For information requests (data queries without active monitoring), the ÜPF recorded an increase of 32 percent. Complex information requests – such as contract or ID copies – rose by 39 percent to 44,836 requests. Simple information requests (phone directory and IP queries) reached 650,034 disclosures (+31 percent).

The offense distribution shows: 45 percent of all measures concerned property crimes (+45 percent), 24 percent crimes against life and bodily integrity (+75 percent), 8 percent drug offenses (+10 percent). Offenses against sexual integrity doubled (+124 percent), while measures against public peace declined (−28 percent).

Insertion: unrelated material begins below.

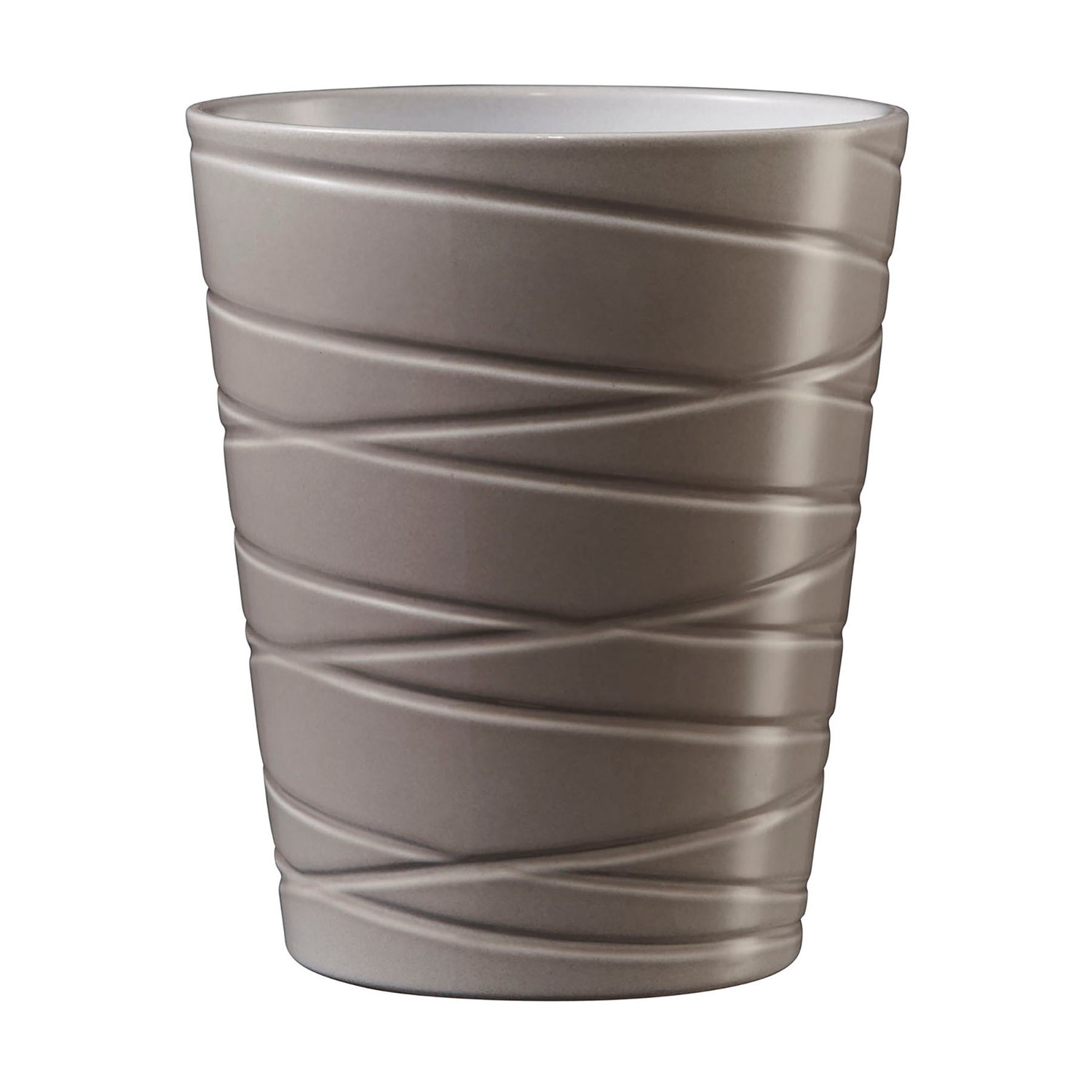 Singapur Ceramic Pot - 5.1" Warm-Gray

The NDB ordered 334 surveillance measures – an increase of 215 percent compared to 106 in the previous year. Its 39,130 information requests (+206 percent) demonstrate intensified intelligence activities. Specialized tools such as GovWare (government trojans) were used only 4 times (2024: 12 times), while IMSI-Catchers (cell site simulators) were used 151 times – primarily in emergency searches (62 cases) and drug offenses (45 cases).

Key Findings

  • 40-percent increase in surveillance measures, primarily driven by cell site searches (+69 %)
  • Classical monitoring stagnates: Real-time monitoring only +3 %, retrospective monitoring +6 %
  • NDB triples activities: 334 surveillance measures (+215 %) and 39,130 information requests (+206 %)
  • Property crimes dominate (45 % of all measures), violent crimes rise sharply (+75 %)
  • Financing reform 2024 (fixed canton contributions) may have enabled capacity expansion

Critical Questions

  1. Data Quality: The statistics record surveillance orders per telecommunications provider, not affected individuals. How many individuals are actually monitored if the same phone number is queried from multiple providers? Are double counts excluded?

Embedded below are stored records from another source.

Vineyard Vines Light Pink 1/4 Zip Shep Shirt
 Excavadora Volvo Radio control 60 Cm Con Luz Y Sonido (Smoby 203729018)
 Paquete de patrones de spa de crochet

  2. Methodological Break: The counting method for cell site searches changed in 2024 (from "per cell per 2 hours" to "per order per 2 hours"). Is the 69-percent increase partly a statistical artifact of this change?

  3. Approval Practice: The text names formal approval steps (judges, Federal Administrative Court, VBS, EDA, EJPD), but does not document how many requests were rejected. How strict is substantive review?

  4. Offense Distribution: Property crimes rise by 45 percent, sexual integrity by 124 percent. Does this reflect genuine crime trends or changed investigation priorities? Are comparative data on the frequency of these offenses available?

  5. NDB Explosion: The NDB increase of 215 percent is dramatic. What specific security situations or threat scenarios justify this increase? Are external factors documented?

  6. Financing Incentives: Since 2024, cantons pay fixed amounts instead of per-measure fees. Does this model create incentives to order more surveillance because marginal costs decrease?

  7. GovWare Decline: Government trojans were used only 4 times in 2025 (vs. 12 times in 2024). Is this due to technical reasons, stricter legal restrictions, or does it reflect effectiveness problems?

  8. Transparency Gap: The ÜPF service "has no knowledge of the content of the data." How is abuse by law enforcement authorities controlled if the central service is blind?


Bibliography

Primary Source: Monitoring of Postal and Telecommunications Traffic 2025 – Statistics of Law Enforcement Authorities and the Federal Intelligence Service – https://www.news.admin.ch/de/newnsb/In7wcvFLifhBDFtjfsjMq

Supplementary Legal Sources:

  1. Criminal Procedure Code (StPO; SR 312.0)
  2. Federal Intelligence Service Act (NDG; SR 121)
  3. Ordinance on the Financing of Postal and Telecommunications Traffic Monitoring (FV-ÜPF; SR 780.115.1)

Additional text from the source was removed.